Un pacco di banconote che Recep Tayyip Erdogan ha tirato fuori dalla tasca e ha distribuito agli elettori appostati, in famelica attesa, fuori da un seggio. Non ricordo un’icona simile in un altro paese occidentale in occasione di una scadenza elettorale.

Si tratta di un’istantanea che ha fatto il giro del mondo su tutti gli schermi televisivi, ma che evidentemente non ha prodotto sufficiente indignazione in media, governi e cittadini. In chi invece osserva la politica e la proietta sul rispetto di leggi e trattati internazionali, quella scena dovrebbe provocare fastidio, pur nella consapevolezza che a quelle latitudini è un drammatico déjà vu.

Il protagonista di quel gesto chiaramente illegale (a proposito, dov’erano gli occhi attenti dell’Osce?) non ha fatto altro che confermare un atteggiamento che, particolarmente nell’ultimo decennio, si è aggravato esponenzialmente. Arresti, prevaricazioni, eliminazione di diritti ed elementari libertà, minacce contro i vicini, antisemitismo galoppante sono diventate sul Bosforo regole e non eccezioni, sin dalla cruenta repressione delle manifestazioni di Gezi Park, che il fato ha voluto fossero accadute esattamente dieci anni prima del ballottaggio di domenica scorsa che ha visto la vittoria del presidente uscente.

Nel mezzo, il golpe farlocco del 2016, altra straordinaria occasione per il Sultano di zittire oppositori politici, giornalisti non allineati, giudici troppo zelanti, con il parallelo immobilismo dell’Ue che non ha recitato alcuna parte. Se non quella di comprare con 5 miliardi di euro la permanenza dei profughi siriani su suolo turco.

Questo il quadro d’insieme in cui, oggi, ci si interroga analiticamente sulle prossime mosse di Ankara, sul peso specifico delle sue decisioni più urgenti, sul modus con cui continuerà a tessere relazioni con i paesi del Golfo, con la Cina, con la Russia, con l’Ue e con gli Usa, su come deciderà di proseguire nella sua crociata contro i social network, le minoranze o i curdi, favorendo invece altri gruppi come la Fratellanza Musulmana.
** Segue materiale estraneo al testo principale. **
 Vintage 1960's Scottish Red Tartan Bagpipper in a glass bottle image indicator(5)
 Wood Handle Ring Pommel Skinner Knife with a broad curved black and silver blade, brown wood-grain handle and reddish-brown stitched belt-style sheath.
Spicca, inoltre, la tranquillità con cui quelle banconote sono state regalate: come se al leader non importasse poi molto di essere immortalato in quel gesto così particolare. Non se ne è vergognato, non ha mostrato reticenza per la presenza delle telecamere. Non ha fatto finta di nulla. Bensì ha tirato dritto per la sua strada con tracotanza impassibile, ben consapevole che nessun cronista lo avrebbe colto in flagranza, che nessun magistrato lo avrebbe incriminato, che nessun blogger lo avrebbe fermato.

Proprio in continuità con l’assunto di Ataturk: “Noi riconosciamo le rivendicazioni di tutte le nazioni. Il nostro nazionalismo non è in nessun modo egoista e supponente”.